One battery may include a single number of cells 200 or two or more. Two or more battery cells 200 may be arranged side by side. In the illustrated embodiment, one battery includes a single battery cell 200.

In the present embodiment, referring to fig. 1, the tab connection member 14 is disposed on the lower half 26 of the adaptor 12, the lower half 26 of the adaptor 12 is substantially rectangular, the second side wall 18 is also substantially rectangular at the lower half 26 of the adaptor 12, and the edge of the second side wall 18 where the diaphragm chamfer 22 is disposed may be at least one of the bottom, front and rear edges of the rectangle.

In certain embodiments, the tab connector 14 includes: a first connection 28 and a second connection 30, the first connection 28 connecting the first sidewall 16. The second connecting portion 30 is connected to the first connecting portion 28 through a bend 32, and the second connecting portion 30 is used for connecting the tabs 24 of the battery cell 200. In this manner, the tab connector 14 can be easily connected to the adaptor 12.

Specifically, the tab connection member 14 may be connected to the adaptor member 12 by connecting the first connection portion 28 to the first side wall 16. The first connection 28 may be a transition connection, and the first connection 28 may be connected to the first sidewall 16 by welding.

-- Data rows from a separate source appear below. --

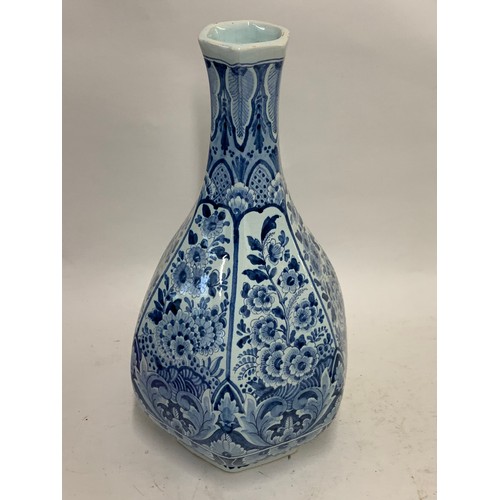 128 - Large Vintage Blue And White Delft Vase
Signed To The Base
18 cms diameter x 36 cms h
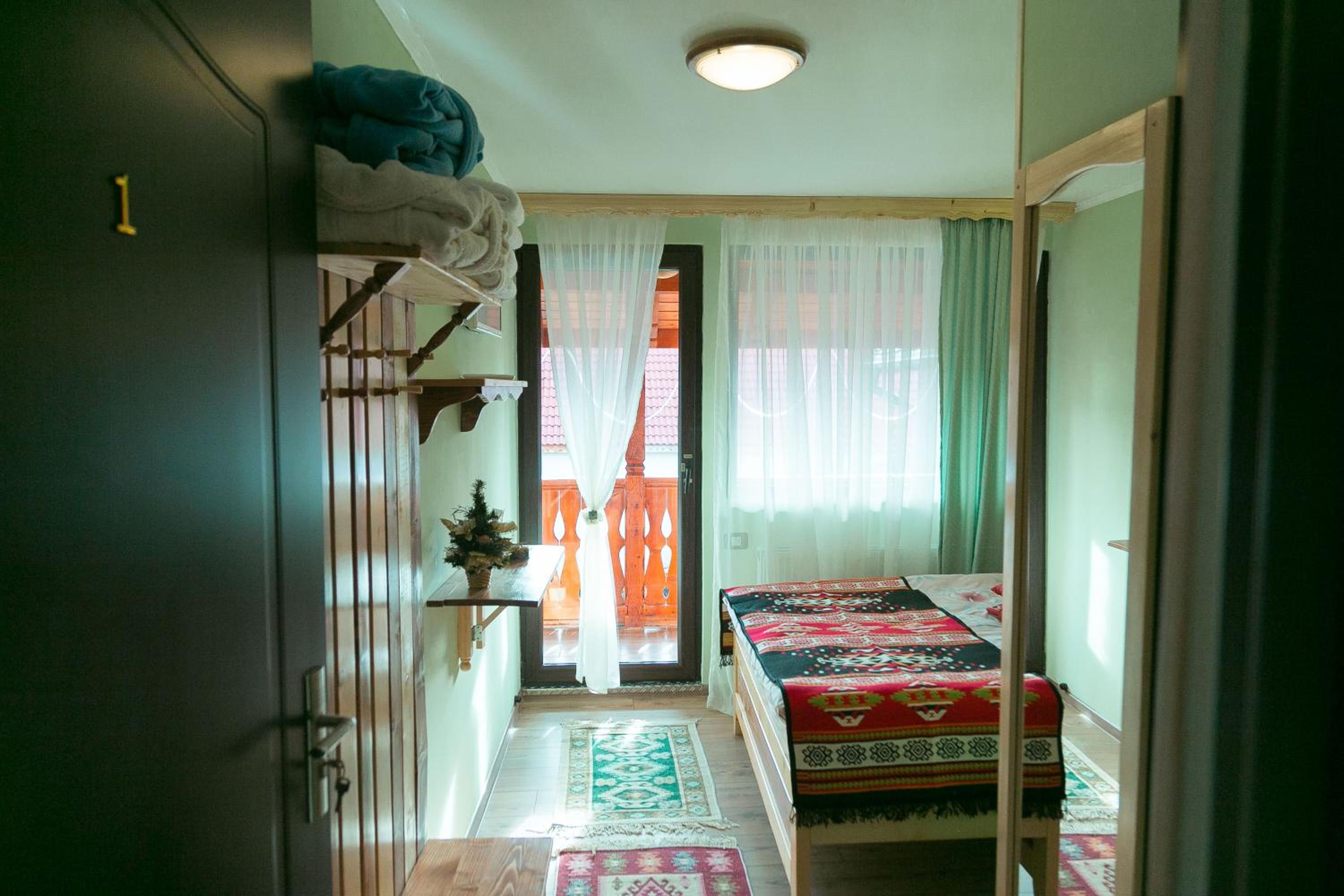 Double Room with Private Bathroom - Photo 3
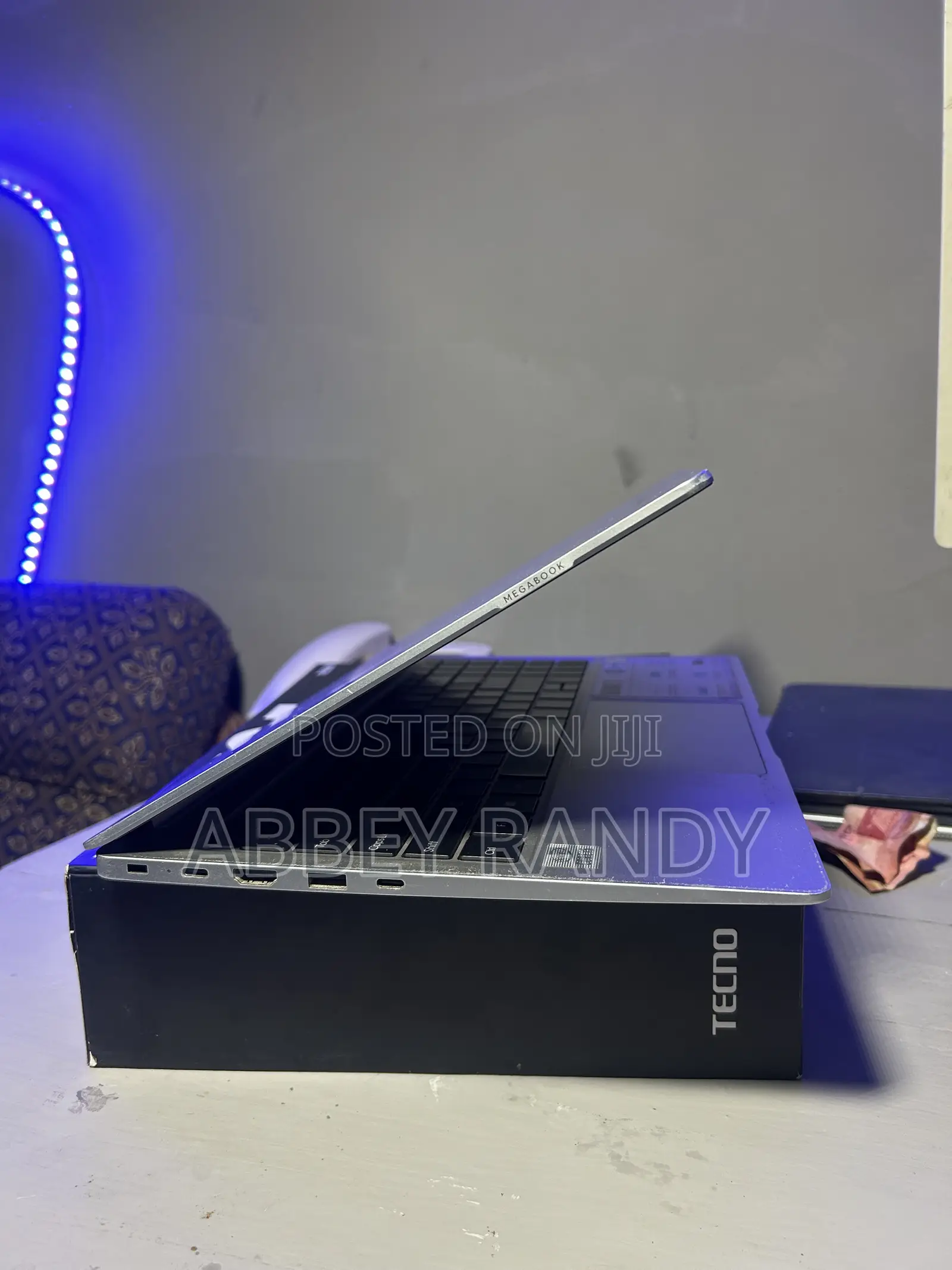 Laptop Tecno MEGABOOK T1 16GB Intel Core i5 SSD 1T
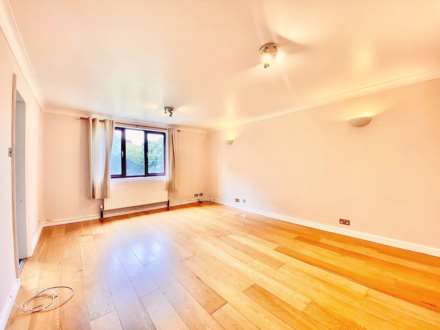 Rowlands Close, Mill Hill, London NW7, Image 1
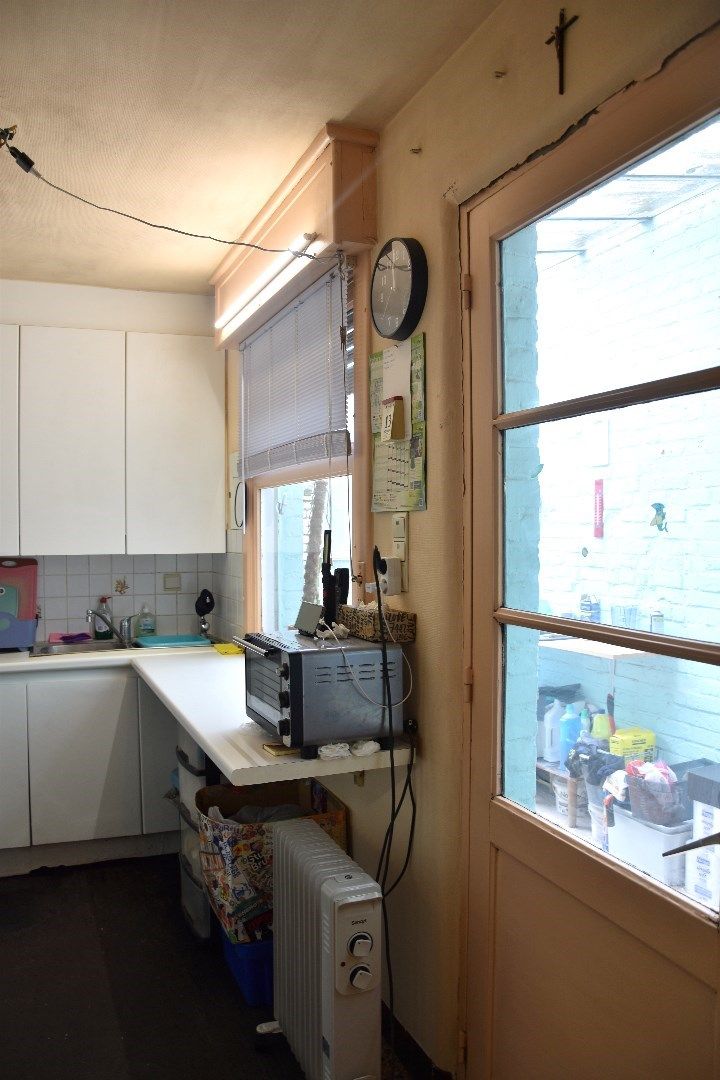 Woning met 2 slaapkamers te koop op topligging te Kortrijk foto 3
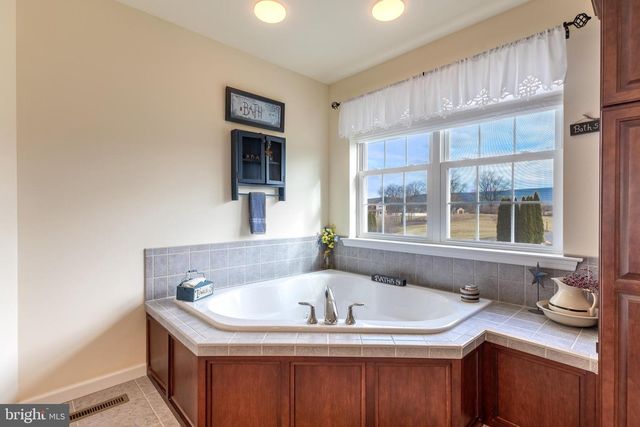 74 JOSIE DR, Bellefonte, PA 16823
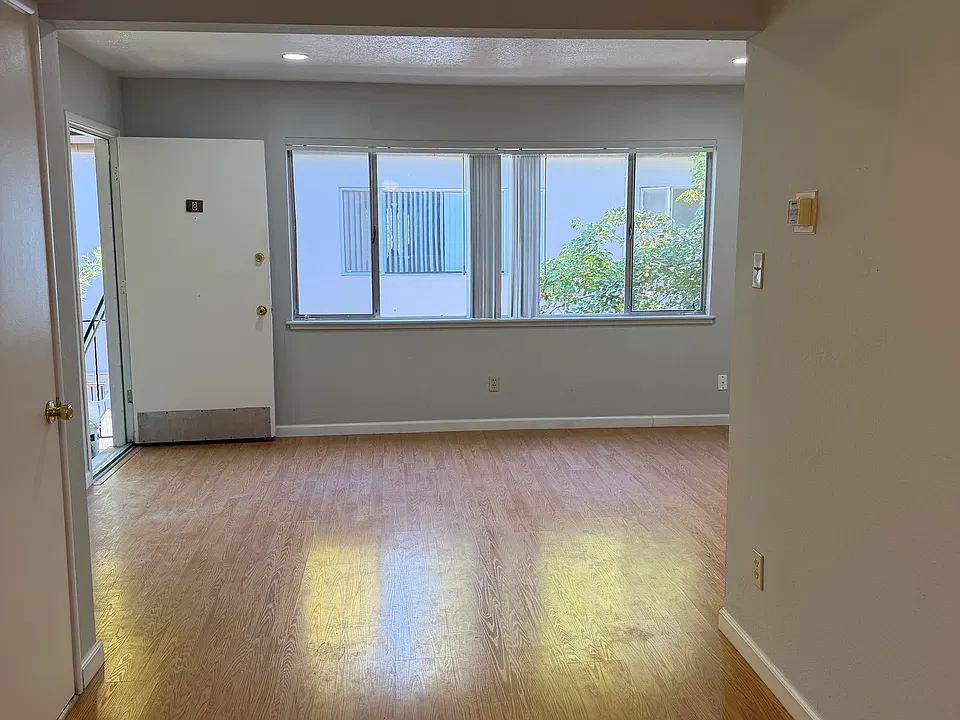 1729 G St #8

The second connection portion 30 may serve as a tab connection portion and extend in a direction away from the battery cell 200. The second connection portion 30 is connected to the tab 24 of the battery cell 200, and specifically, referring to fig. 7, the tab 24 may be connected to the front side of the second connection portion 30. Referring to fig. 8, after being folded, the tab 24 is wound around the bent portion 32, and the tab 24 is located on the left side of the second connection portion 30 (tab connection portion). The bent portion 32 may be provided at an intermediate position of the tab connection member 14.

In the present embodiment, the tab connection member 14 and the adaptor 12 are formed as separate bodies, and the tab connection member 14 and the adaptor 12 may be manufactured separately and then the tab connection member 14 and the adaptor 12 may be connected by the connection of the first connection portion 28 and the first side wall 16.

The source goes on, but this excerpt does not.